(Web page caption snippets)
□ □ □ □ □ □ □

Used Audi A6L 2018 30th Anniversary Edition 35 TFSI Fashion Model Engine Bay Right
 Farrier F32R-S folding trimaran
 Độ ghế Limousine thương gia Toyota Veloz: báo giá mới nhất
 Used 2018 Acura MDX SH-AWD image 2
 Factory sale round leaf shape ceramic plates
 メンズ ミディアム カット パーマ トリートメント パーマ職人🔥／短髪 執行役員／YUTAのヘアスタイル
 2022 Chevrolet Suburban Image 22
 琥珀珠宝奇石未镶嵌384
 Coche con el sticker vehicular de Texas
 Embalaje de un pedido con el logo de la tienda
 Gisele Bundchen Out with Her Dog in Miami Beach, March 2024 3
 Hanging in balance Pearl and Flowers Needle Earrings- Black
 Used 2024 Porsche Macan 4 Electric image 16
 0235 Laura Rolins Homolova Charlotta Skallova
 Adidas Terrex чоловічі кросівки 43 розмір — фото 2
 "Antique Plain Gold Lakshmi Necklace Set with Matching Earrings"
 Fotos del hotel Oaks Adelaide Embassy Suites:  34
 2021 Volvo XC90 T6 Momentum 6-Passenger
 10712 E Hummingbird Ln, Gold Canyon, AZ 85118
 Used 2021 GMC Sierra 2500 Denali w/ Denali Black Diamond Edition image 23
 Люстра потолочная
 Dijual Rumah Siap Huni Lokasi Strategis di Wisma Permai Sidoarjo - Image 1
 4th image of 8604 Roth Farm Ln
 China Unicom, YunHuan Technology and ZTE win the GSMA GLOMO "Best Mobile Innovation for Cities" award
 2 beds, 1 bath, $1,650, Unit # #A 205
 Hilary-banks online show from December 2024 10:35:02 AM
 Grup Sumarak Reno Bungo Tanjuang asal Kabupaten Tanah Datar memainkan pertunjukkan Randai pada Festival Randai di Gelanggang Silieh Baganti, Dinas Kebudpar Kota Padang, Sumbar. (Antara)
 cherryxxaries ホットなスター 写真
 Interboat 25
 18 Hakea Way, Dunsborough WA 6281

□ □ □ □ □ □ □

Task goal. Produce an exact repeat of the lines from the one containing "Factory sale round leaf shape ceramic plates" through the last line of the data, and nothing more.

Finished exercise.
 Factory sale round leaf shape ceramic plates
 メンズ ミディアム カット パーマ トリートメント パーマ職人🔥／短髪 執行役員／YUTAのヘアスタイル
 2022 Chevrolet Suburban Image 22
 琥珀珠宝奇石未镶嵌384
 Coche con el sticker vehicular de Texas
 Embalaje de un pedido con el logo de la tienda
 Gisele Bundchen Out with Her Dog in Miami Beach, March 2024 3
 Hanging in balance Pearl and Flowers Needle Earrings- Black
 Used 2024 Porsche Macan 4 Electric image 16
 0235 Laura Rolins Homolova Charlotta Skallova
 Adidas Terrex чоловічі кросівки 43 розмір — фото 2
 "Antique Plain Gold Lakshmi Necklace Set with Matching Earrings"
 Fotos del hotel Oaks Adelaide Embassy Suites:  34
 2021 Volvo XC90 T6 Momentum 6-Passenger
 10712 E Hummingbird Ln, Gold Canyon, AZ 85118
 Used 2021 GMC Sierra 2500 Denali w/ Denali Black Diamond Edition image 23
 Люстра потолочная
 Dijual Rumah Siap Huni Lokasi Strategis di Wisma Permai Sidoarjo - Image 1
 4th image of 8604 Roth Farm Ln
 China Unicom, YunHuan Technology and ZTE win the GSMA GLOMO "Best Mobile Innovation for Cities" award
 2 beds, 1 bath, $1,650, Unit # #A 205
 Hilary-banks online show from December 2024 10:35:02 AM
 Grup Sumarak Reno Bungo Tanjuang asal Kabupaten Tanah Datar memainkan pertunjukkan Randai pada Festival Randai di Gelanggang Silieh Baganti, Dinas Kebudpar Kota Padang, Sumbar. (Antara)
 cherryxxaries ホットなスター 写真
 Interboat 25
 18 Hakea Way, Dunsborough WA 6281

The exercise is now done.